Kathy Bates doing some hobbling. Image via AMC
Obama's sweeping ambitions for quelling climate change and creating a clean energy economy have so far remained largely unfulfilled. The New York Times goes so far as to say he's been 'hobbled'--his goals metaphorically smashed to pieces by the Senate like James Caan's legs by a psychotic Kathy Bates in Misery. Ahem. Okay, so those are my words, not the Times'. I don't know about any of you out there, but whenever I hear or read the word 'hobbled', I picture that scene in Misery, where the crazed Kathy Bates character coolly says to the bedridden James Caan:
Paul, do you know about the early days of the Kimberly Diamond mines? Do you know what they did to the native workers who stole diamonds? Don't worry, they didn't kill them, that would be like junking your Mercedes just because it has a broken spring. No, if they caught them, they had to make sure they could go on working, but they also had to make sure they could never run away. The operation was called Hobbling.And then she breaks his ankles with a sledgehammer.

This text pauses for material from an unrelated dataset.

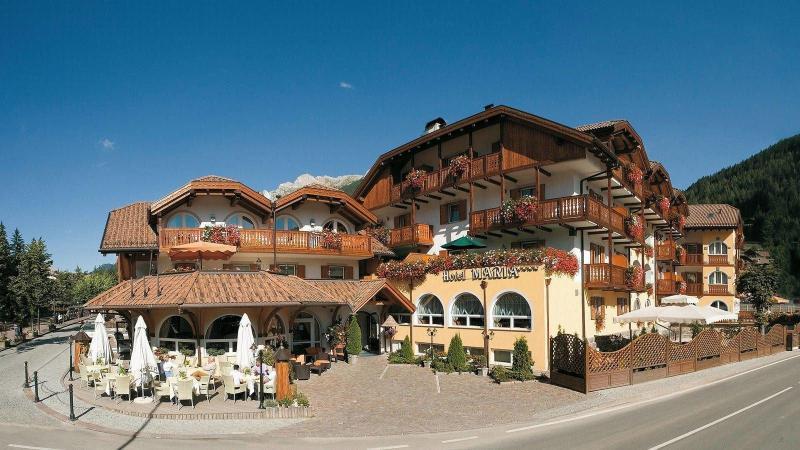 Leading Relax Hotel Maria Moena Bagian luar foto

Excuse the digression, but the famous scene is an unfortunately apt (though admittedly waaaay melodramatic) parallel to what the Senate has done to Obama's capabilities on the climate front. He's been immobilized, rendered largely helpless on the international negotiating scene.
Until the Senate passes meaningful climate legislation, Obama has next to no bargaining power or authority--the entire international community still well remembers what happened after the Clinton administration helped to draft the Kyoto Protocol. Congress promptly refused to ratify it. The Senate needs to get its act together before Obama can play ball--whether or not you think Obama could be doing more to speed the process, that much is true.
And as the Times points out in its piece, Obama has already used his executive powers to advance his climate change-fighting agenda to a great extent:
Mr. Obama has been a champion of climate change regulation. He has moved unilaterally to limit greenhouse gases from vehicles and large sources such as coal-burning power plants. And in recent months, China, India, Brazil and some other developing countries have issued promises to slow the growth of emissions, although with the knowledge that a binding treaty to enforce such pledges will not take effect for at least several years. Yet Mr. Obama has found himself limited in his ambitions by a Congress that is unwilling to move as far or as fast as he would like.In fact, you could argue that the fate of the world rests on 100 American senators--many of whom are fighting clean energy reform tooth and nail--and not be too far off the mark. The opposition in the US Senate has so far succeeded in hobbling the president's plans for climate progress--and in so doing, it's hobbling the entire international negotiation process.